While I did try pan roasted them, to good effect, during college, the love affair didn't really blossom until a couple years ago, my first Thanksgiving in Texas and first Thanksgiving when I would be cooking the entire meal myself (if only for four people). I was looking for a good green side dish and found the perfect one: hashed brussels sprouts with white wine, lemon, and poppy seeds:
I had never heard of, never thought to slice up brussels sprouts, but slice them up I did. After briefly sauteeing some garlic in olive oil, the sprouts are added to the pan along with lemon juice and white wine. Cook only long enough to soften the sprouts and turn them bright green, then remove from the heat and stir in a generous amount of poppy seeds. Season with salt and serve.
(This dish is doubly good for Thanksgiving because it cooks so quickly!)
I love the bright green color of the sprouts, the bright, fresh flavor of the lemon juice, the fact that the sprouts stay a little crunchy, and the added texture of the poppy seeds.

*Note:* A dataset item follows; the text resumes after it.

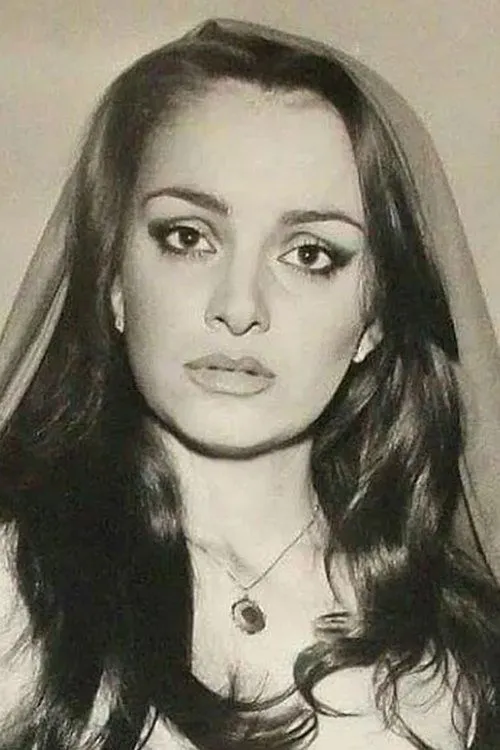 Dilara Topuklular ha trabajado con Arzu Okay en 1 ocasiones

Since that dish, sauteeing or stir-frying brussels sprouts has been my favorite way to prepare them--it's fast and delicious and allows to incorporate a variety of flavors, depending on what you're feeling like.
Tonight's dinner (see the photo at the top of the post) is an excellent example, inspired by the brussels sprouts with lentils and prosciutto from The Stone Soup. I started by chopping up a bunch of bacon and frying it up in my Le Creuset french oven. Once it was mostly cooked, I added 8 or 9 brussels sprouts, ends chopped off, cut in half, then sliced into thirds. I allowed these to brown with the bacon, stirring occasionally, until they were tender but not too soft. Then I added a drained can of cannellini beans and stirred everything around until the beans were warmed through. I turned off the heat and added about a tablespoon of balsamic vinegar, salt and pepper. After plating, I topped the dish off with some crumbled feta cheese that we bought yesterday on our tour of Harley Farms Goat Dairy (goats! cheese! awesomeness!).
These ladies have nothing to do with brussels sprouts.
If you think you don't like brussels sprouts, I urge you to give one of these recipes a try, and see if my favorite mini cabbages can't rock your world.